With her mother dead and her father often forced into exile because of his conflicts with both Louis XIII and Cardinal Richelieu, Anne-Marie-Louise was raised within the royal family. She called the King, her uncle, petit papa; Anne of Austria, the queen consort, petite maman; and her cousin, the future Louis XIV, who was eleven years her junior, her petit époux. But while she waited to make an illustrious marriage—the future Charles II of England, the Holy Roman Emperor Ferdinand III, and even Louis XIV were potential candidates—her charming and capricious father was the only person she truly cared for. When in 1652, after Louis XIII’s death, her father took up the cause of the Fronde against the regency government of Anne of Austria and Cardinal Mazarin, Mademoiselle did not hesitate to follow his example.
The Fronde was the major civil crisis of seventeenth-century France and the last time the country’s nobility would rise in armed rebellion against a king. Its immediate cause was widespread discontent with mounting taxes and other financial burdens incurred by a lengthy period of war with France’s neighbors.
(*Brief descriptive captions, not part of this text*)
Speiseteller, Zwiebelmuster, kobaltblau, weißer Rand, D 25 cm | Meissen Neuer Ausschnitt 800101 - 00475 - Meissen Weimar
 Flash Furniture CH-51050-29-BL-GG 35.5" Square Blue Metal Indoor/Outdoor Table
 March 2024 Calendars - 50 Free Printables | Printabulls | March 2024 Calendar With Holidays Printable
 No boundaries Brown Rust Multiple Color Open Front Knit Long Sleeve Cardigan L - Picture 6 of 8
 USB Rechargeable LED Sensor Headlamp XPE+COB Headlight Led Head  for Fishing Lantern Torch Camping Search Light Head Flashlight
More deeply, however, it was an expression of the nobility’s frustration with the growing power of the crown and particularly the current regency government, which had begun five years earlier when Anne of Austria annulled her husband’s will and, in alliance with Cardinal Mazarin, enlarged the powers of her regency for the nine-year-old Louis XIV. Historians usually divide the Fronde into two distinct parts—the Parliamentary Fronde (1648– 1649), set off by the regency’s proposal that government officials give up four years’ salary, and the Fronde of the Princes (1650–1653), characterized by conflicting personal grievances and ambitions among the nobility.
The nobles were united only in their opposition to the increasing centralization of power in the monarchy and to Mazarin, whom they considered corrupt, duplicitous, and despotic; more generally they also felt that their allegiance should be to a king and not to a regency government. The Fronde would end disastrously: after years of fighting between the insurgents and the royal troops, the country was in worse shape financially than before the rebellion had begun, while the absolute power of the monarchy had only been strengthened. By January 1652, when Gaston decided to join a fragile coalition of forces, led by the Prince de Condé, in opposing Mazarin, the movement was already entering its final and most dramatic phase.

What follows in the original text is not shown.